E a situação ficou ainda pior com a interpretação feita pelo STJ  ao dizer que a norma legal “foi criada para fortalecer os princípios da celeridade processual e da duração razoável do processo (…), servindo como um desestímulo à interposição de recursos com pouca ou nenhuma perspectiva de êxito”.

Devemos desde logo destacar que não há instituto processual no CPC/2015 que possa ter sido criado sem que o Legislador tivesse descurado do princípio da celeridade, porque norma constitucional impõe que se observe esse princípio, o que, contudo, não significa que esse princípio tenha sempre a mesma relevância, ou que o princípio da celeridade não deva ser ponderado em face de outros princípios constitucionais.  Quando se cuidam de normas que preveem os recursos, por exemplo, o princípio da segurança jurídica tem primazia sobre o princípio da celeridade.

Quanto ao argumento de que se deva punir de algum modo a “interposição de recursos com pouca ou nenhuma perspectiva de êxito”, como se pode fazer de antemão esse tipo de valoração? Quantas e quantas vezes uma tese jurídica que havia sido rechaçada não foi depois acolhida, e muitas vezes pelo mesmo tribunal?

Qual o limite objetivo que se deve estabelecer entre o direito à interposição de recurso e o abuso desse direito? É para isso que existem os institutos da litigância de má-fé e do abuso do direito processual, cujos requisitos estão previstos no CPC/2015 e que não prescindem de uma análise profunda acerca da comprovação de dolo ou culpa grave, observando-se que  essa análise somente pode ocorrer sob o contraditório, como garante a ideia de um processo justo, enfeixada no princípio do devido processo legal. Evidentemente, que o tribunal, quando está a fixar os honorários de advogado, não encontra terreno, nem momento próprio para analisar detidamente se houve dolo ou culpa grave na interposição de recurso, o que é assaz motivo para que possa atribuir ao instituto da majoração dos honorários um caráter punitivo.

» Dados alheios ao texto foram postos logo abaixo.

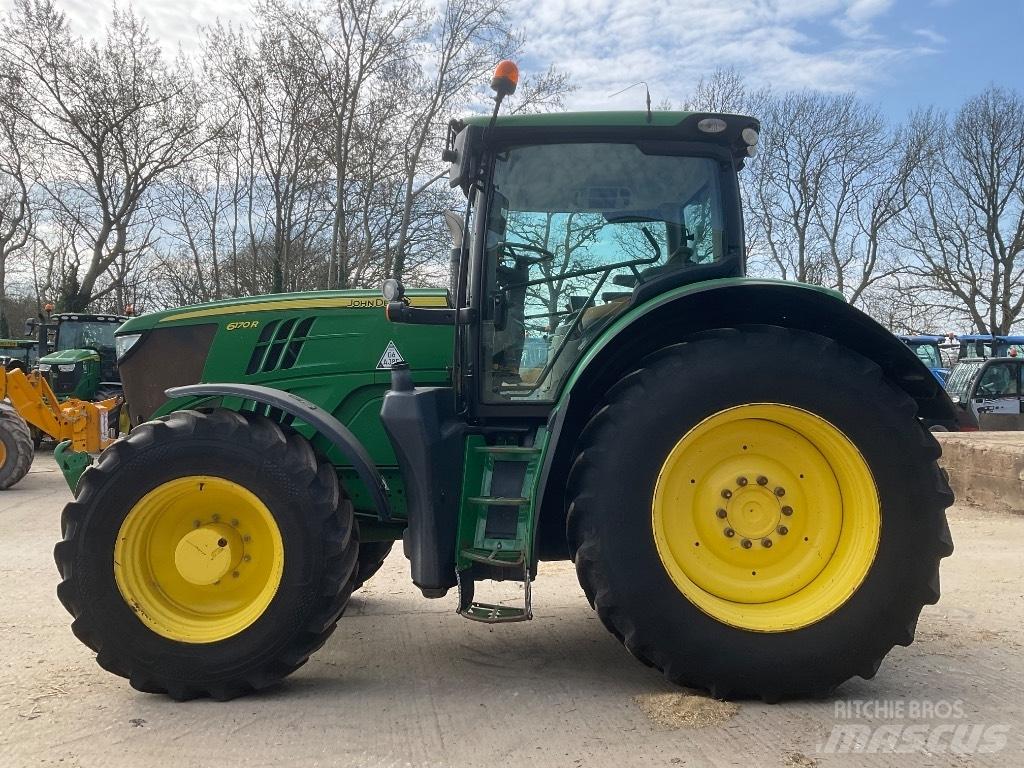 John Deere 6170 R Traktorit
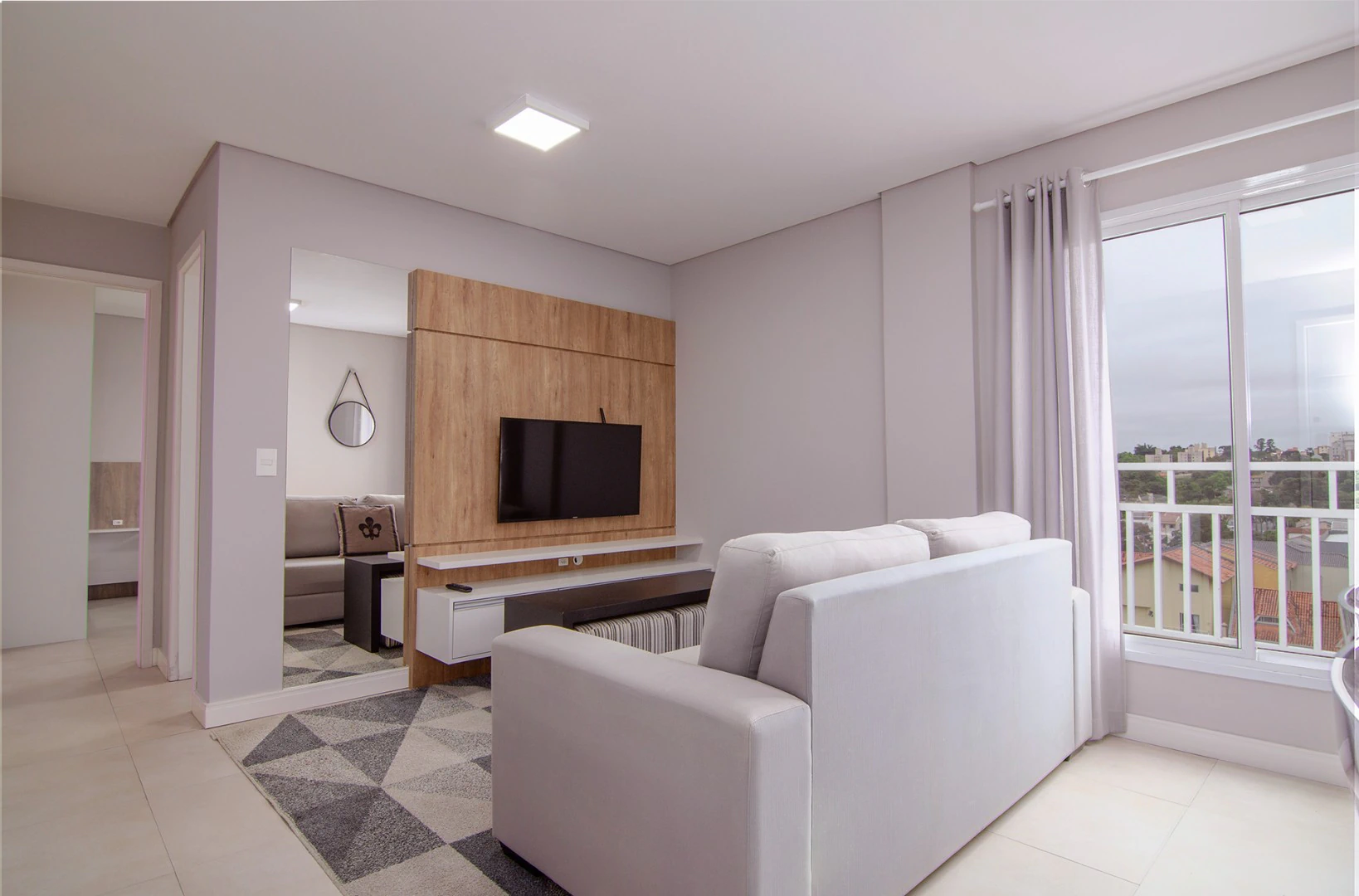 One-bedroom apartment with a washing machine in Curitiba — photo 8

Outro problema criado com a interpretação levada a cabo pelo STJ radica no excluir o direito à majoração dos honorários de advogado quando o recurso é parcialmente provido, como se nesse caso não se pudesse justificar o trabalho adicional realizado pelo advogado no interpor o recurso. Provido em parte o recurso, a remuneração pelo trabalho adicional deve ser proporcional, mas não excluída.